The far right simply lacks the votes to enact its agenda. A threat to shut down the government is, frankly, becoming a worn out and ineffective tactic. NBC News puts the number of actual shutdowns at 20 over the last four decades. 

All of this is a distraction from the worst news of all, which is that neither political party has yet to get serious about dealing with the fiscal nightmare that looms unless the nation finds a way to stop its rapidly growing national debt, which just passed $34 trillion, less than four months after it passed $33 trillion

This will require budgets that are within the nation’s means, erasing current deficits. The nation needs a serious bipartisan process aimed at reducing debt — one that most likely includes both cuts and targeted tax hikes — to avoid catastrophe. That won’t happen through threats. It will require hard and difficult work, and enough good faith to agree to compromises.

The day of reckoning is coming. Last November, the University of Pennsylvania’s Penn Wharton Budget Model published a report that estimated the nation will reach a crisis stage when its debts total about 200% of its total economic output, or GDP. At current spending levels, it said this will happen in about 20 years.

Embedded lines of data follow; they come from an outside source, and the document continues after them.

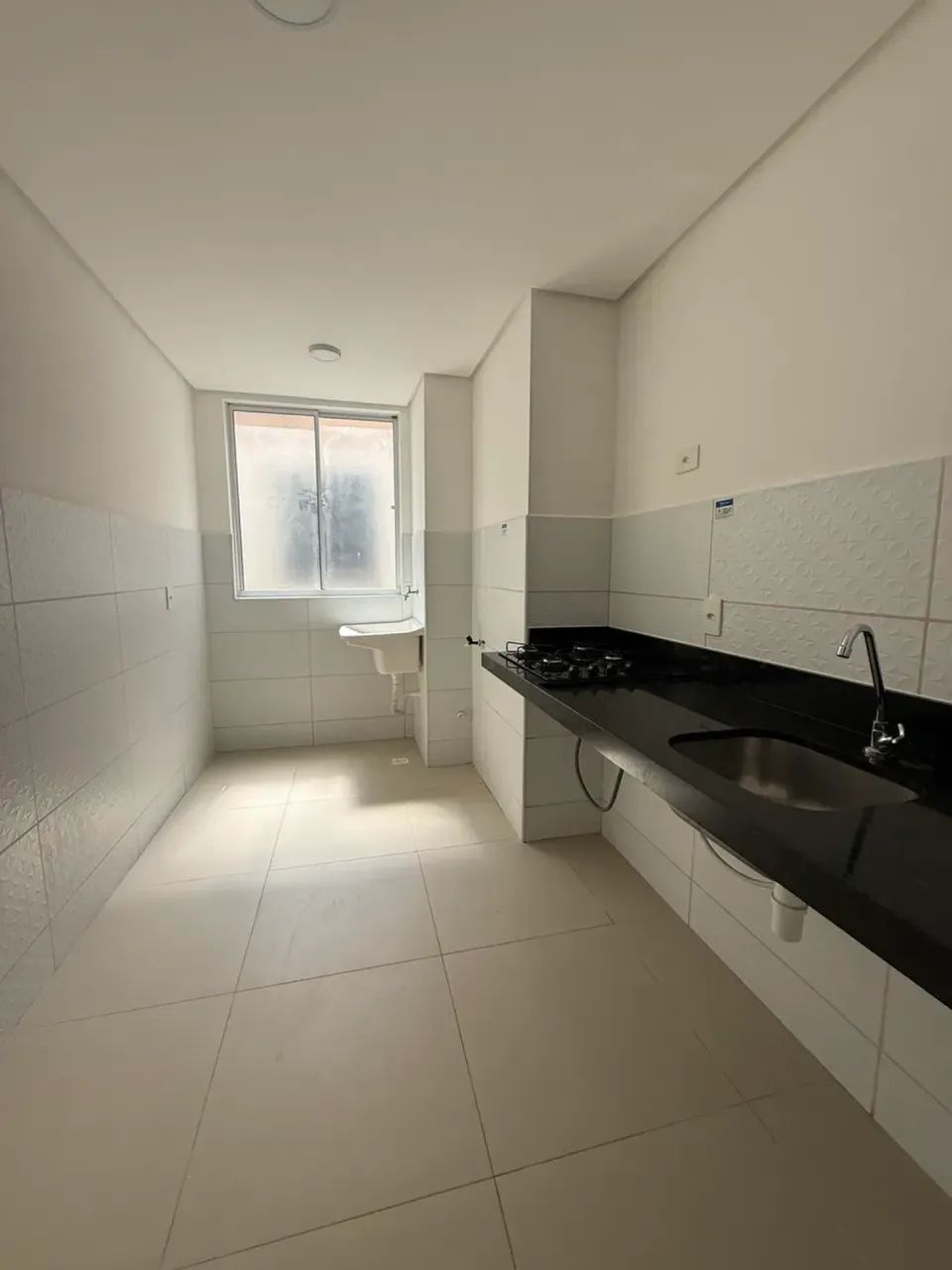 Imóvel barato  com 2 quartos - Foto 4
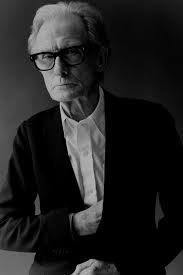 Image result for bill nighy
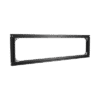 Montaje de Pared para 2 Paneles LED / Uso en Interior / Compatible con Series MWF, GWF, CWF y ZWDB Montaje de Pared para 2 Paneles LED / Uso en Interior / Compatible con Series MWF, GWF, CWF y ZWDB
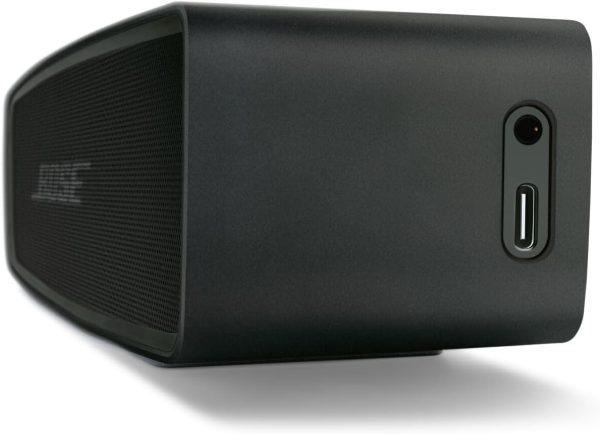 BOSE SoundLink Mini II Special Edition Wireless Bluetooth Speaker - Image 3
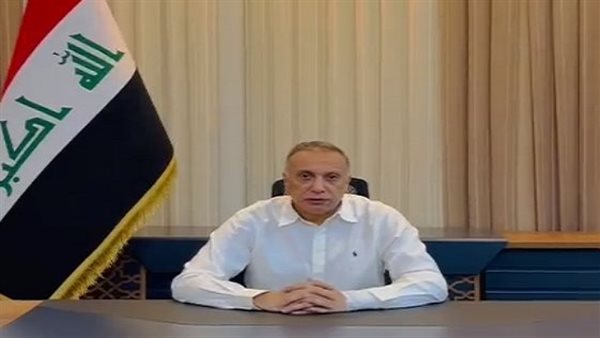 رئيس وزراء العراق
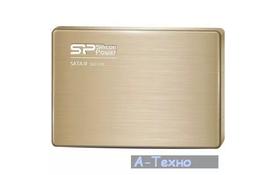 Накопитель SSD 2.5" 240GB Silicon Power (SP240GBSS3S70S25) - Фото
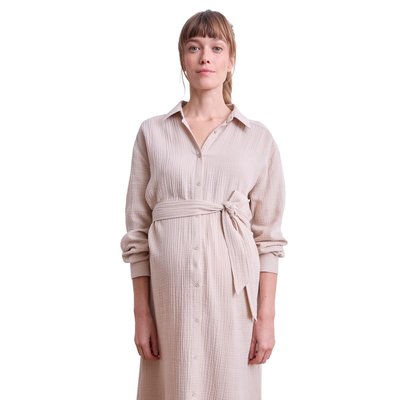 Robe tablier femme la redoute outlet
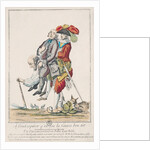 You should hope that this game will be over soon, 1789 by French School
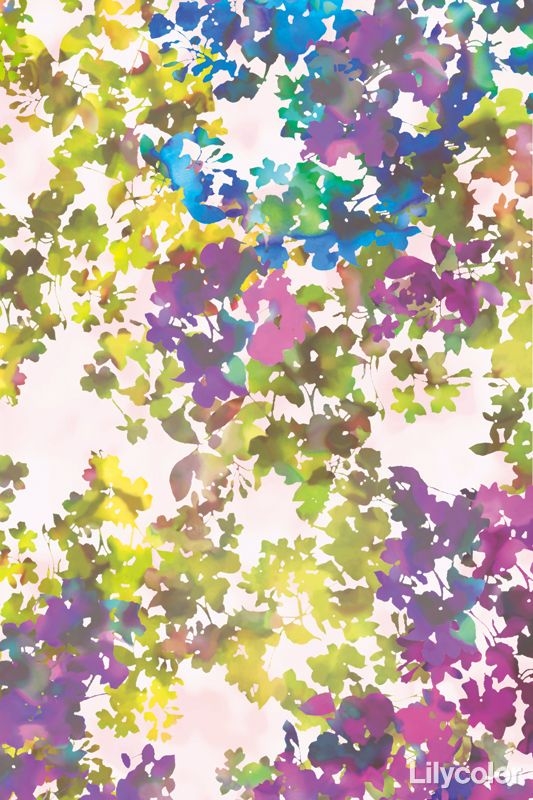Nature World/Botanical
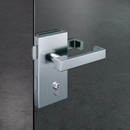 FSB Teherani Lever Handle Set Ferramenta per vetro Maniglie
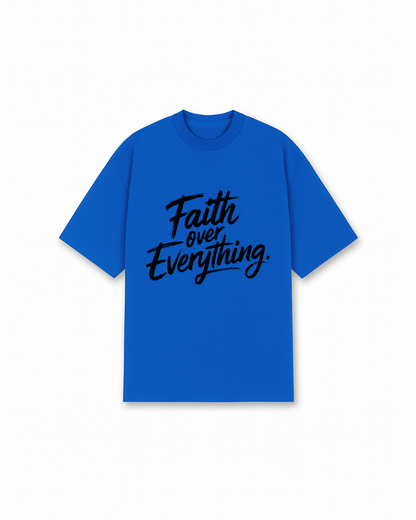 Faith Tee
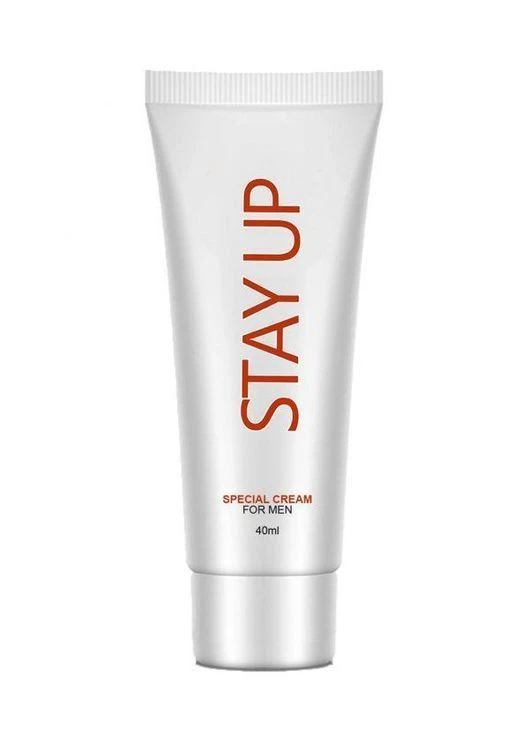 Крем для стимуляції STAY UP 40 ML Ruf (383119914)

The report said that will be the likely point at which investors begin to doubt whether the U.S. is capable of paying its debts. When that happens, “no amount of future tax increases or spending cuts could avoid the government defaulting on its debt whether explicitly or implicitly,” a brief accompanying the report said.

Today’s lawmakers should be so focused on avoiding this that they spend every waking hour laboring to get spending in line. Such a day of reckoning would hamper the nation’s ability to do much of anything, from border security to helping allies that may be under attack from hostile nations. There would be little choice other than to inflate the dollar in order to make interest payments on the debt, which would destroy wealth and lead to unemployment.

The $1.66 trillion budget deal does include some compromise. Among other things, Democrats agreed to cut $20 billion from the $80 billion they had intended to go toward the IRS to fund more tax audits. Non-defense budgets would drop by a little less than 1%, while military programs would rise by about 3%.

With deadlines looming, there simply isn’t time to include a solution to border funding or money for Ukraine and Israel. Those must be dealt with separately.

Congress should pass the 12 appropriations bills that comprise the budget, then, as quickly as possible, move toward efforts that will get the nation’s fiscal house in order.